Top of DATA SEGMENT

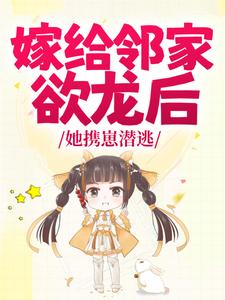 《嫁给邻家欲龙后，她携崽潜逃》小说完结版免费阅读 梦可榆陆允小说阅读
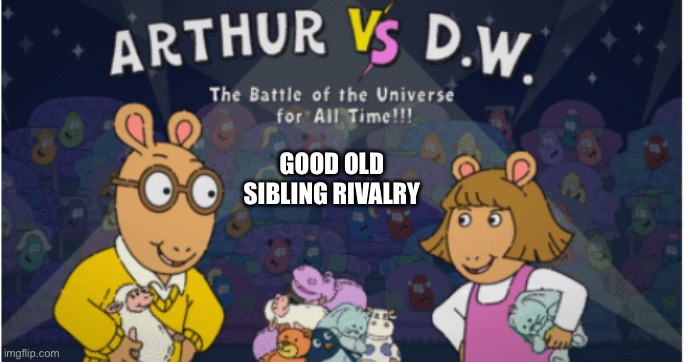 PBS kids game | GOOD OLD
SIBLING RIVALRY | image tagged in sibling rivalry,arthur,pbs kids | made w/ Imgflip meme maker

Bottom of DATA SEGMENT

[WHAT THIS TASK INVOLVES] For this exercise, transcribe the data exactly but without its pictures.

[SOLUTION TO THIS PROBLEM]
 《嫁给邻家欲龙后，她携崽潜逃》小说完结版免费阅读 梦可榆陆允小说阅读
 PBS kids game | GOOD OLD
SIBLING RIVALRY | image tagged in sibling rivalry,arthur,pbs kids | made w/ Imgflip meme maker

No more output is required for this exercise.